Le Ministère public ne remet pas en cause les conditions de fond prévues par l’article 21-12 du code précité mais estime que l’état civil de l’appelant n’est pas fiable, faute de légalisation correcte de son acte de naissance.
Conformément aux dispositions de l’article 30 du code civil, lorsque l’individu qui revendique la nationalité française n’est pas titulaire d’un certificat de nationalité française, la charge de la preuve de sa nationalité lui incombe.
En l’espèce, l’appelant n’étant pas titulaire d’un certificat de nationalité française, doit rapporter la preuve qu’il remplit les conditions pour prétendre à la nationalité française. Il doit également produire des pièces d’état civil fiable.
En effet, nul ne peut se voir reconnaître de nationalité française à quelque titre que ce soit, s’il ne justifie d’un état civil fiable et certain par la production d’une copie intégrale de son acte de naissance en original répondant aux exigences de l’article 47 du code civil aux termes duquel « tout acte de l’état civil des Français et des étrangers fait en pays étranger et rédigés dans les formes usitées dans ce pays fait foi, sauf si d’autres actes ou pièces détenus, des données extérieures ou des éléments tirés de l’acte lui-même établissent, le cas échéant après toutes vérifications utiles que cet acte est irrégulier, falsifié ou que les faits qui y sont déclarés ne correspondent pas à la réalité. »

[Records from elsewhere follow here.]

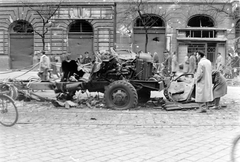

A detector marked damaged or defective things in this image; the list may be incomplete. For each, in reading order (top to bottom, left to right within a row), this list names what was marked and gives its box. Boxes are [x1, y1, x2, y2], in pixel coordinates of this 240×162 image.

destroyed truck wreck [27, 51, 163, 110]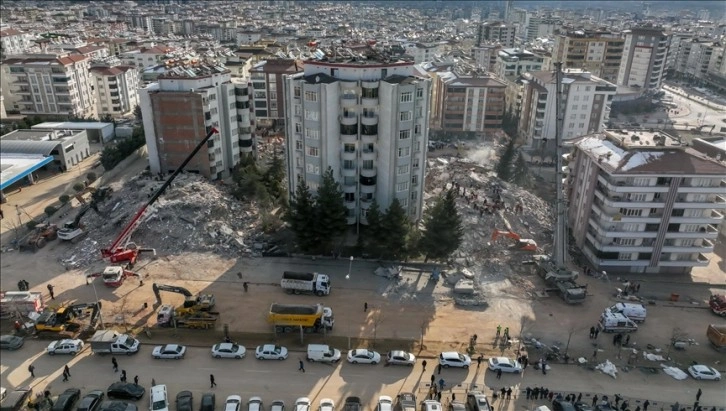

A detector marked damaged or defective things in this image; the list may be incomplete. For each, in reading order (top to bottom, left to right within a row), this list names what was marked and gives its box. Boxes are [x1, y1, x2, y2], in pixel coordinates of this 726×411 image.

damaged structure [568, 130, 726, 276]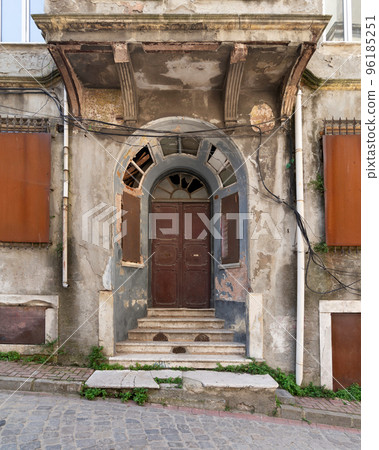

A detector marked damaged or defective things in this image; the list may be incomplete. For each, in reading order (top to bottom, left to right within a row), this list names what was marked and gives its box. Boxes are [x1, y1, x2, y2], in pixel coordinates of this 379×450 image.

broken fanlight window [160, 135, 200, 156]
broken fanlight window [124, 146, 154, 188]
broken fanlight window [153, 173, 209, 200]
broken fanlight window [208, 147, 238, 187]
rusted metal door [151, 202, 211, 308]
rusted metal door [332, 312, 362, 390]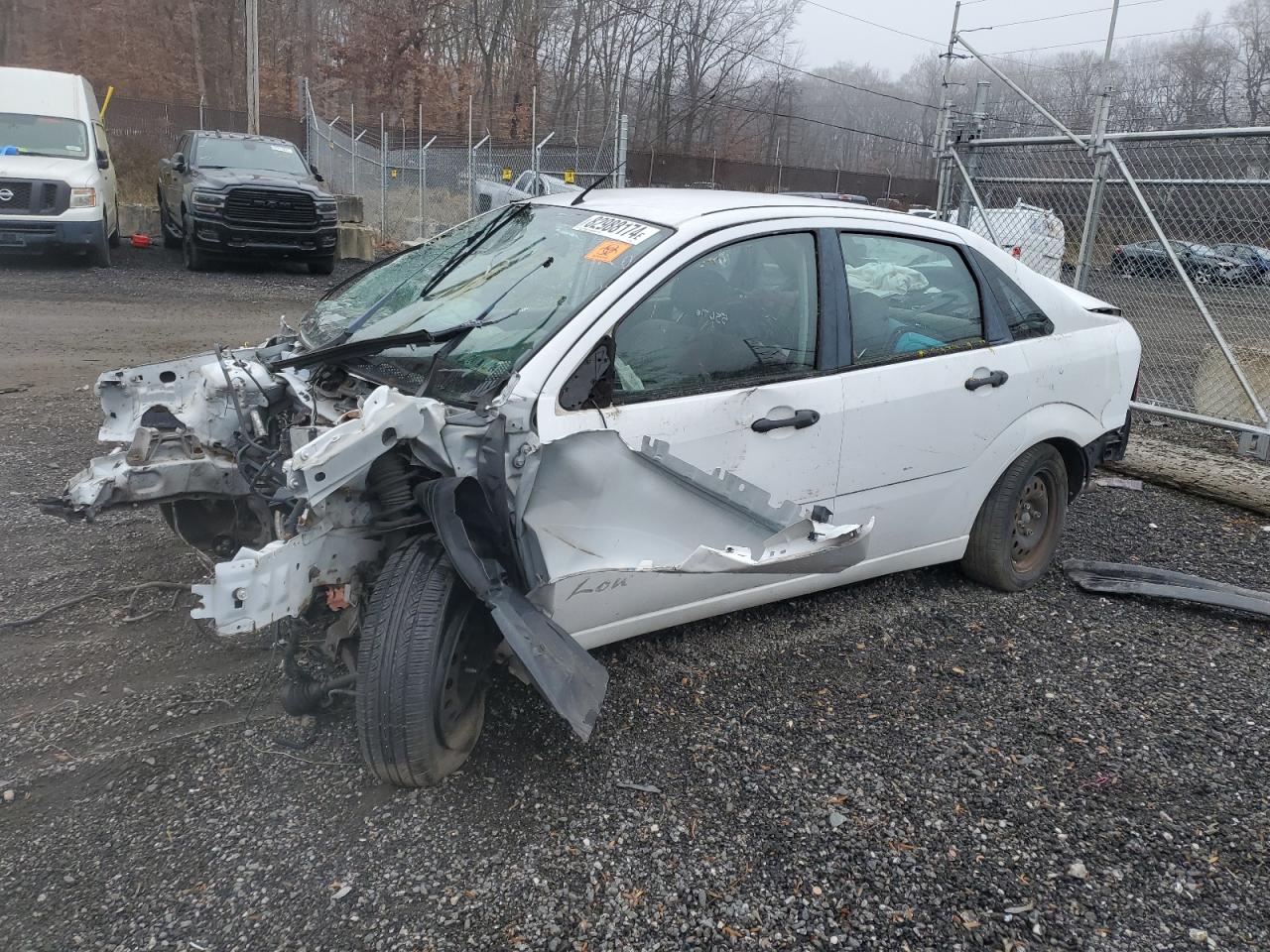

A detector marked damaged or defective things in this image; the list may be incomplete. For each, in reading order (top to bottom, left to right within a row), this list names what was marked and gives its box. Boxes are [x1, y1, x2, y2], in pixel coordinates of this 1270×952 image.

detached bumper [0, 217, 99, 254]
detached bumper [189, 213, 337, 258]
cracked windshield [302, 204, 671, 401]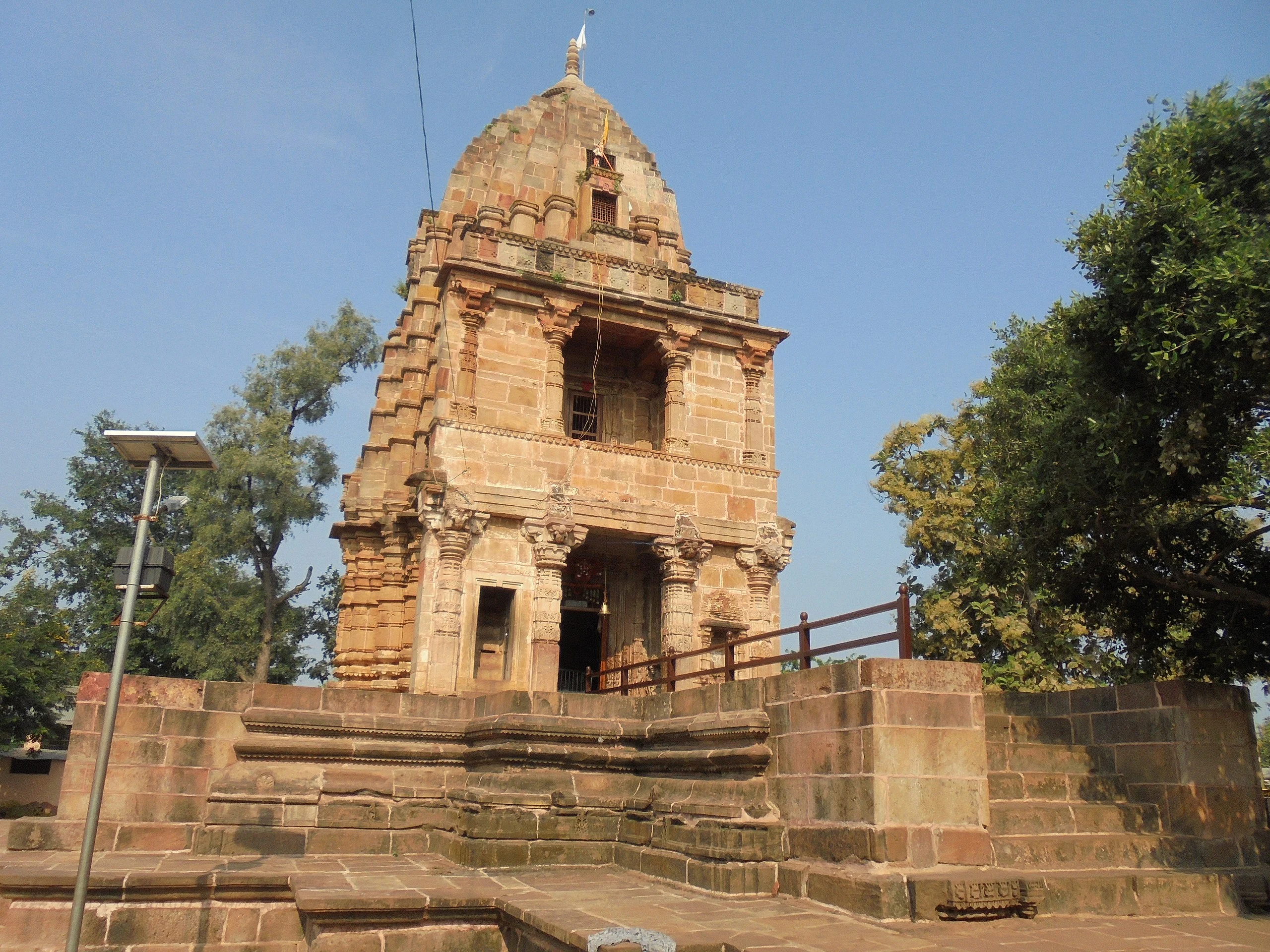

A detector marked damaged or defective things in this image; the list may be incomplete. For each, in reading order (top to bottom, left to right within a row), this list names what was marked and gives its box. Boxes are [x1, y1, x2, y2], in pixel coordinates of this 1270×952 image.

rusted railing post [899, 586, 909, 660]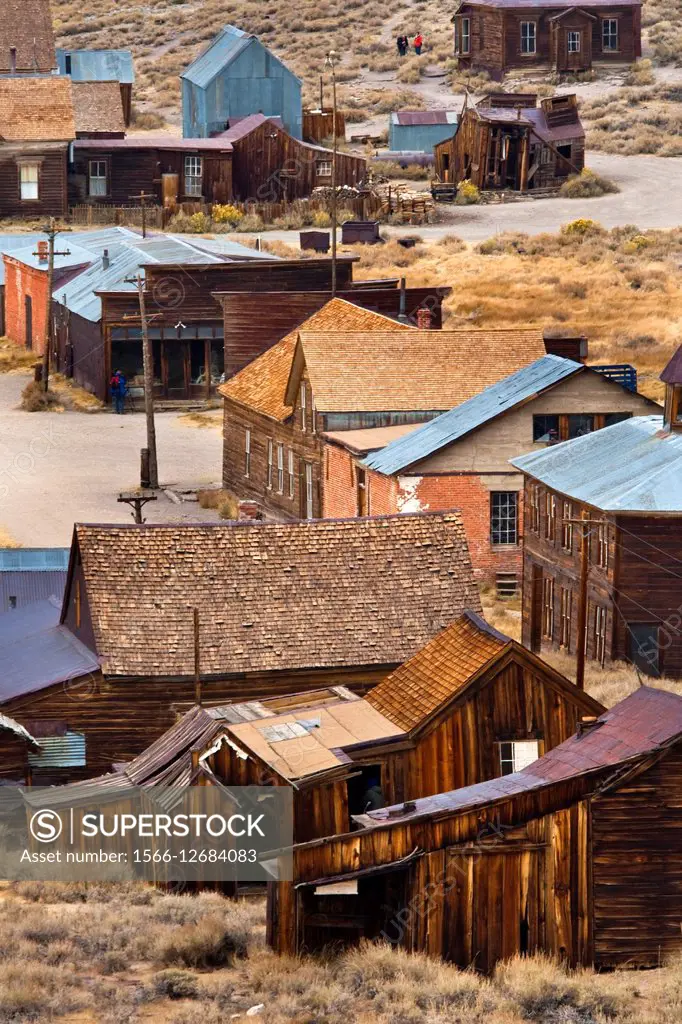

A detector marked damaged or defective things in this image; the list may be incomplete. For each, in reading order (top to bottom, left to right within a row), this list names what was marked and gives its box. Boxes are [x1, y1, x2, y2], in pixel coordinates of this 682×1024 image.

broken window [87, 157, 106, 195]
broken window [182, 154, 200, 196]
rusty metal roof [356, 684, 679, 827]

En outre, il résulte de la coutume internationale que sauf convention contraire, les actes publics étrangers ne peuvent produire effet en France que s’ils sont légalisés. Ce principe a été repris par l’article 16 II de la loi n°2019-222 du 23 mars 2019 de programmation 2018-2022 et de réforme pour la Justice ainsi que le décret n°2020-1370 du 10 novembre 2020. Aucune convention de dispense de légalisation des actes publics n’a été signée entre la France et le Bangladesh, de telle sorte que les actes publics bangladais ne sont recevables en France que s’ils sont revêtus d’une légalisation valide.
Seule l’ambassade de France au Bangladesh ou l’ambassade du Bangladesh en France sont habilitées à légaliser un acte.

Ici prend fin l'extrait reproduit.